Los Angeles teachers, who plan to strike Monday, want pay raises. But they’re also asking for smaller classes. A teacher explains how crowded it gets. USA TODAY

Labor is having a moment. Will it last?

Teacher walkouts in Republican-controlled states such as West Virginia, Oklahoma, Kentucky and Arizona last year garnered national attention. Generally, the teachers gained pay increases and additional money for schools. Then came Los Angeles, an enormous urban school system in a blue state. A 6 percent pay increase over two years for teachers was largely settled before the strike began, which freed teachers to campaign for additional resources, such as more school nurses and smaller class sizes – which they won.

“We are rebuilding community,” said Randi Weingarten, president of the American Federation for Teachers. “What you’re seeing is a labor movement that is learning how to become a movement again.”

The wins may be short-lived. West Virginia teachers won a 5 percent pay raise after a statewide strike last year, but Republicans unveiled draft legislation Jan. 24 that would tie additional pay raises to larger class sizes. The bill would send more money to private schools and charter schools, which would be authorized in West Virginia for the first time.

Mike Antonucci, who scrutinizes unions for the nonprofit education news website The 74, said a second coming of labor has been heralded before, “only to see more school choice and right-to-work laws enacted, and the unionization rates drop.”

Teachers unions are «over-promising what they can achieve,” he said.

More money for schools. Maybe.

Lawmakers in many red states are offering to increase education spending – a pivot from several years ago when the party sought to cut school budgets.

Georgia Gov. Brian Kemp proposed a $3,000 salary increase for teachers to help with retention, he said.

The Texas Senate proposed a $5,000 raise for teachers. New Mexico lawmakers proposed funneling more money into public schools and boosting the base pay of mid-career teachers from about $44,000 per year to $50,000.

Related: Teachers love their jobs but can’t pay their bills, poll shows

In Florida, lawmakers are considering whether to give schools more flexibility on how to pay teachers. Maryland Gov. Larry Hogan, a Republican, proposed a state budget last week that includes $347 million more for schools over last year’s amount.

Will the increases happen?

Proposals are one thing; passing them into law is another.

For example, Indiana Gov. Eric Holcomb encouraged districts to raise teacher pay, but the proposal doesn’t set aside additional money to fund those increases.

More on Indiana: Teacher walkout possible if General Assembly ignores pay issue

Teachers in office: Wins by Tony Evers, Jahana Hayes, Okla. teachers show ‘new beginning’

Richard Ingersoll, a professor at the University of Pennsylvania’s Graduate School of Education who studies the educator workforce, said he’s skeptical.

“It’s very hard to increase salaries because there are so many teachers,” he said.

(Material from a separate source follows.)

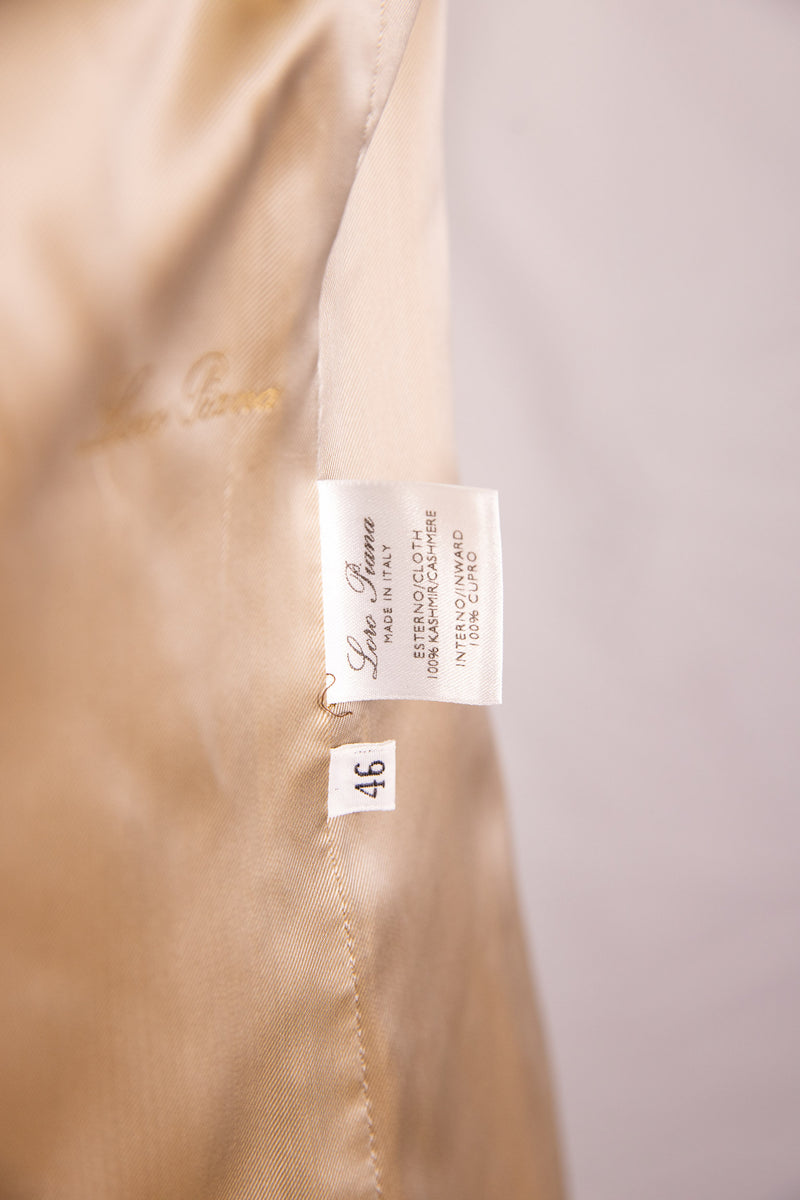 Loro Piana Tan Camel Cashmere Peacoat Size 46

Pensions and benefits costs are a problem

As America wrestles with how much to pay teachers, health care costs and pensions eat up money that could go toward raises or classrooms.

In Los Angeles, employee benefit costs increased 138 percent from 2001 to 2016, census data show.

“Teacher salaries have not kept up with inflation over the past 20 years, but total compensation has,” said Chad Aldeman, a senior associate partner at the nonpartisan think tank Bellwether Education Partners.

School districts and states must fulfill the promises they made to older and retired workers, while the same perks are cut for new workers.

“As of today, it’s the worst time to become a teacher in terms of benefits,” Aldeman said.

How to deal with it?

  • Holcomb, Indiana’s Republican governor, proposed paying off part of the education system’s pension liability to free up about $70 million in school budgets.
  • Arizona began requiring teachers and public workers to make higher payroll contributions into their pensions.
  • Michigan’s Republican Gov. Rick Snyder signed controversial legislation in 2017 that steers newly hired teachers into 401(k)-style plans rather than pension systems.